• **Study material**:
• • • • • • •

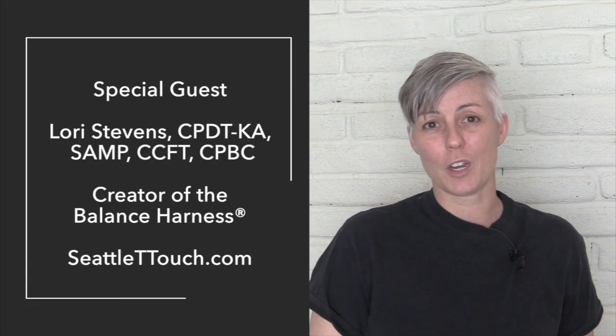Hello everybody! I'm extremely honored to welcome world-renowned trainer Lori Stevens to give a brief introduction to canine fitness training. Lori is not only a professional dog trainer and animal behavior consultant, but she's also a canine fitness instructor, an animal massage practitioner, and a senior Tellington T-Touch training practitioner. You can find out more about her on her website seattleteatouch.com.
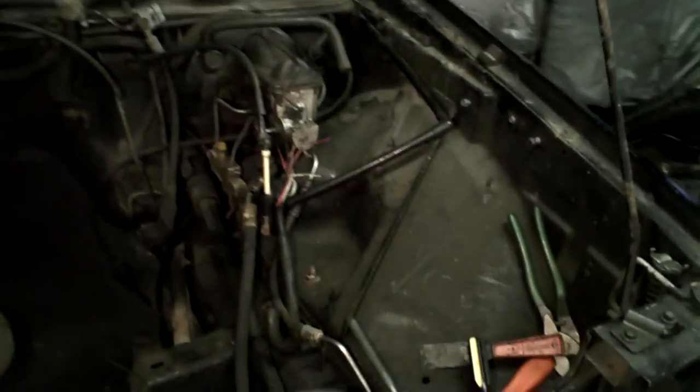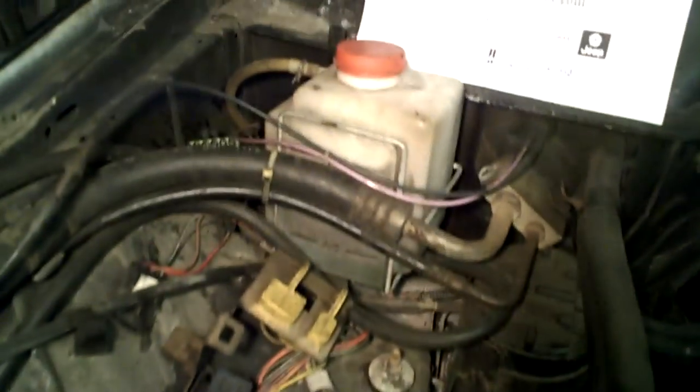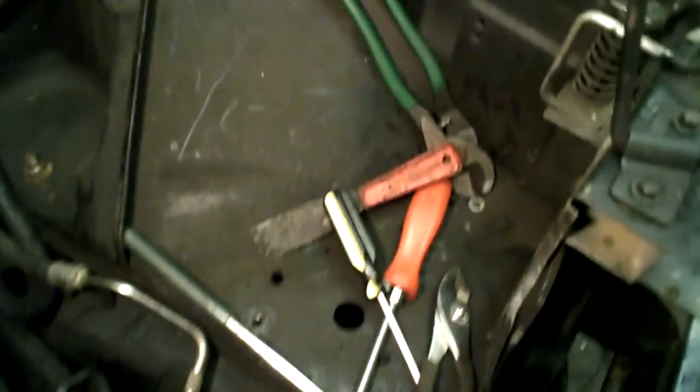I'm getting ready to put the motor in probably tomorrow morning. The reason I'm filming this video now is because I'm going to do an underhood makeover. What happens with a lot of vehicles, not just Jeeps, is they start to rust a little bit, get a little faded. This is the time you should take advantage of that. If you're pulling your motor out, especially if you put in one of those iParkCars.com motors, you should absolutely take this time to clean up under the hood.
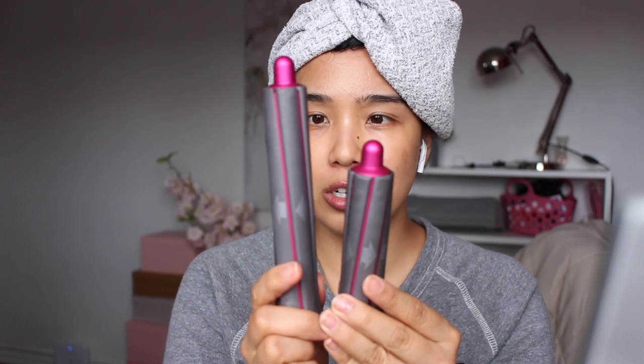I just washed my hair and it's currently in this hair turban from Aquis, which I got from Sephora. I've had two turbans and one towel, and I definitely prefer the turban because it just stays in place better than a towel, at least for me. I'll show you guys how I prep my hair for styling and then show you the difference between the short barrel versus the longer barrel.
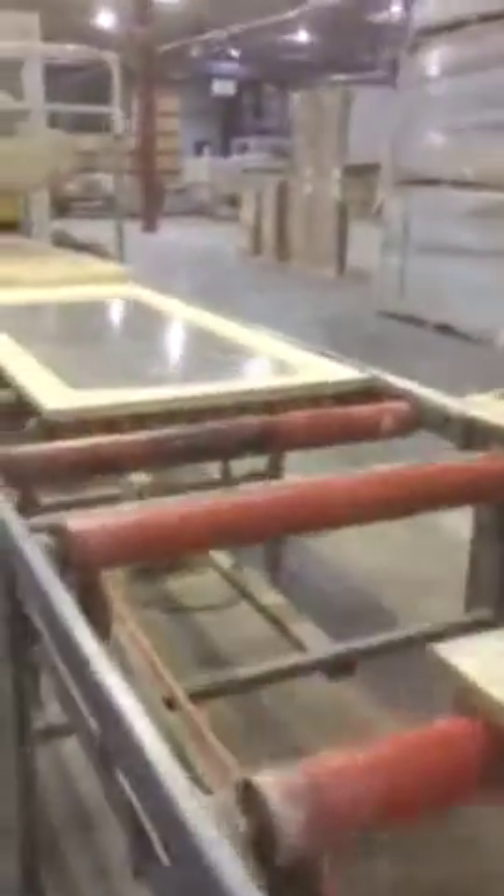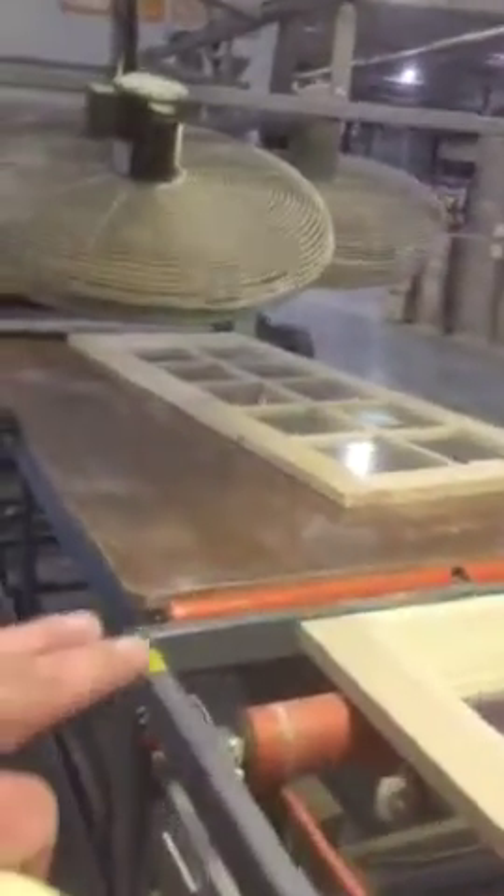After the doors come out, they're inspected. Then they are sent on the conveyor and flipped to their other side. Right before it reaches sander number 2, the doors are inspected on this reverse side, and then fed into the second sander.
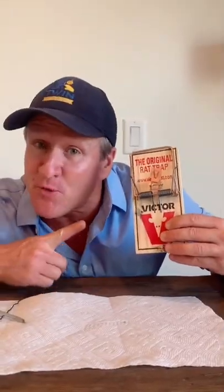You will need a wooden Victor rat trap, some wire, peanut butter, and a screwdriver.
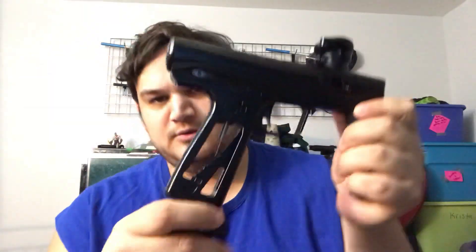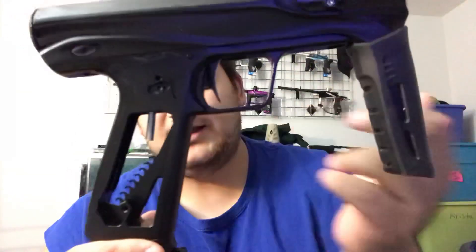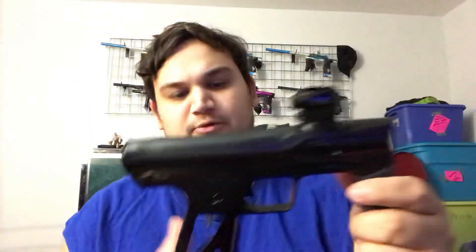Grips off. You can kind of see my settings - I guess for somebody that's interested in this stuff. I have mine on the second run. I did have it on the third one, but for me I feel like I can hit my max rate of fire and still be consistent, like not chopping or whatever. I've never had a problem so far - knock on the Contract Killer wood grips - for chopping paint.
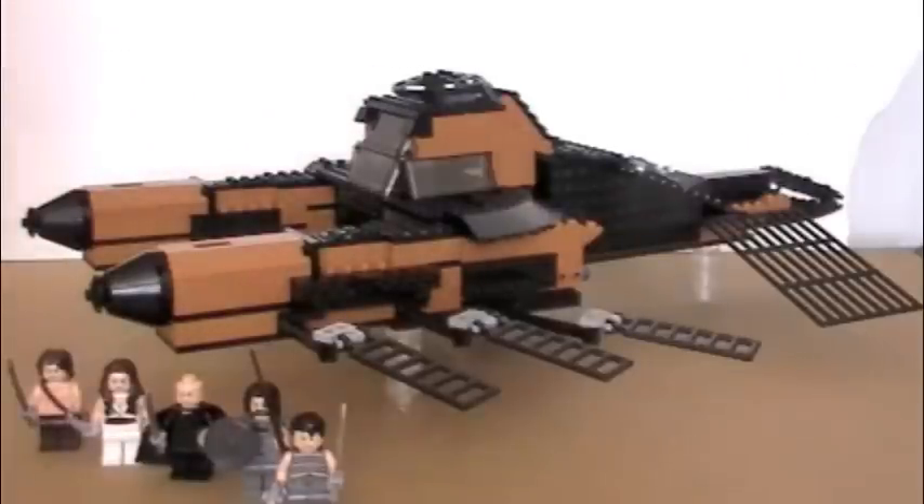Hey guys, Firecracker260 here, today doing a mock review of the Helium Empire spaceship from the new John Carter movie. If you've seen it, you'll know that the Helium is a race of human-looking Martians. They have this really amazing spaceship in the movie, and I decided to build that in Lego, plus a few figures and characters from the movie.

• • • • • • •

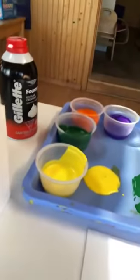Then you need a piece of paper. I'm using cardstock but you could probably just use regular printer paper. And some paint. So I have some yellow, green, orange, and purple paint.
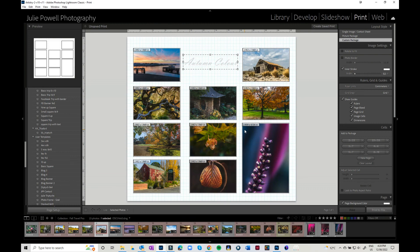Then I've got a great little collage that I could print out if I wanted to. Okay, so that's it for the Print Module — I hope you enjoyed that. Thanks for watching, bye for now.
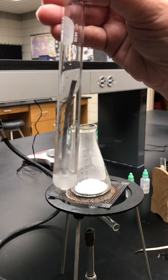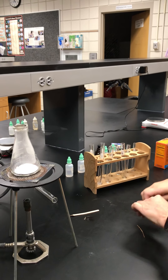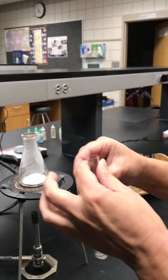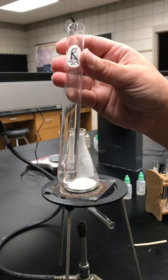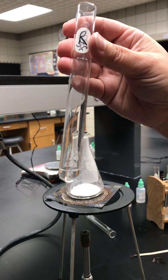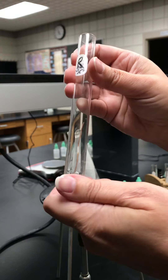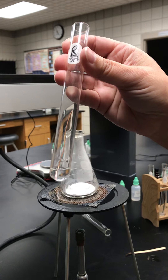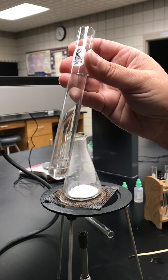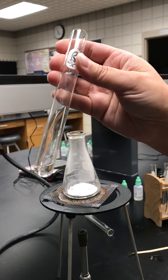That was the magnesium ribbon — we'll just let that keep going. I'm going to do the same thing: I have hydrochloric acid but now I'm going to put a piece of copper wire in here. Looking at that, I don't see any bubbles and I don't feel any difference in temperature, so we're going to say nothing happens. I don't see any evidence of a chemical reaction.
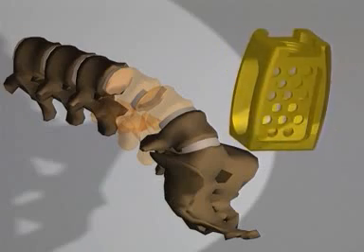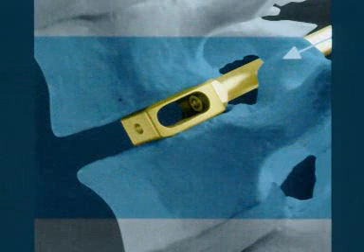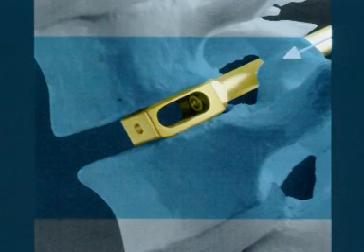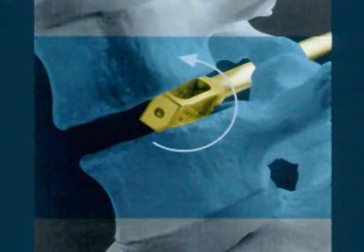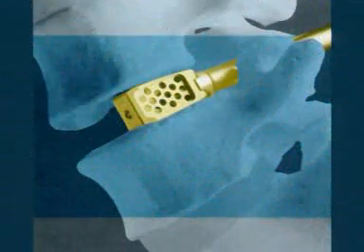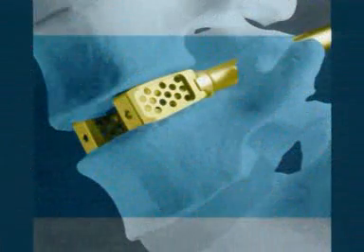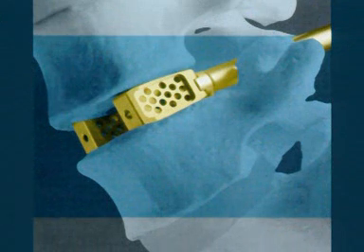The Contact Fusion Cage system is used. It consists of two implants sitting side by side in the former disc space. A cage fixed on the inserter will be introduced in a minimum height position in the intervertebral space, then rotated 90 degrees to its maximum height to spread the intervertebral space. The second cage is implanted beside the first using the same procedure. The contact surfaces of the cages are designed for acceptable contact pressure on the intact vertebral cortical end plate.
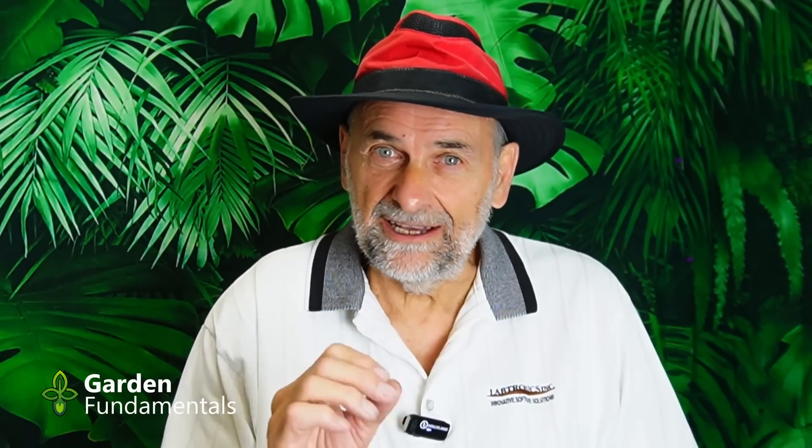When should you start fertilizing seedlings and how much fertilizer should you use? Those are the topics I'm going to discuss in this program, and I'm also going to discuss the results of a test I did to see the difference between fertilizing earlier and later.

• • • • • • •

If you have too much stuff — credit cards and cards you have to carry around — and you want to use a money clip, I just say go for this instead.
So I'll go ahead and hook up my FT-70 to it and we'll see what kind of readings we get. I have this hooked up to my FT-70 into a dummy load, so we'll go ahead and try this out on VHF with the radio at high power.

• • • • • • •

• **Exercise details**:
Return only the part above that opens with the line containing "Hello everybody! I'm" and closes with the line containing "You will need", exactly and with both ends, skipping the pictures.

• **Task result**:
Hello everybody! I'm extremely honored to welcome world-renowned trainer Lori Stevens to give a brief introduction to canine fitness training. Lori is not only a professional dog trainer and animal behavior consultant, but she's also a canine fitness instructor, an animal massage practitioner, and a senior Tellington T-Touch training practitioner. You can find out more about her on her website seattleteatouch.com.
I'm getting ready to put the motor in probably tomorrow morning. The reason I'm filming this video now is because I'm going to do an underhood makeover. What happens with a lot of vehicles, not just Jeeps, is they start to rust a little bit, get a little faded. This is the time you should take advantage of that. If you're pulling your motor out, especially if you put in one of those iParkCars.com motors, you should absolutely take this time to clean up under the hood.
I just washed my hair and it's currently in this hair turban from Aquis, which I got from Sephora. I've had two turbans and one towel, and I definitely prefer the turban because it just stays in place better than a towel, at least for me. I'll show you guys how I prep my hair for styling and then show you the difference between the short barrel versus the longer barrel.
After the doors come out, they're inspected. Then they are sent on the conveyor and flipped to their other side. Right before it reaches sander number 2, the doors are inspected on this reverse side, and then fed into the second sander.
You will need a wooden Victor rat trap, some wire, peanut butter, and a screwdriver.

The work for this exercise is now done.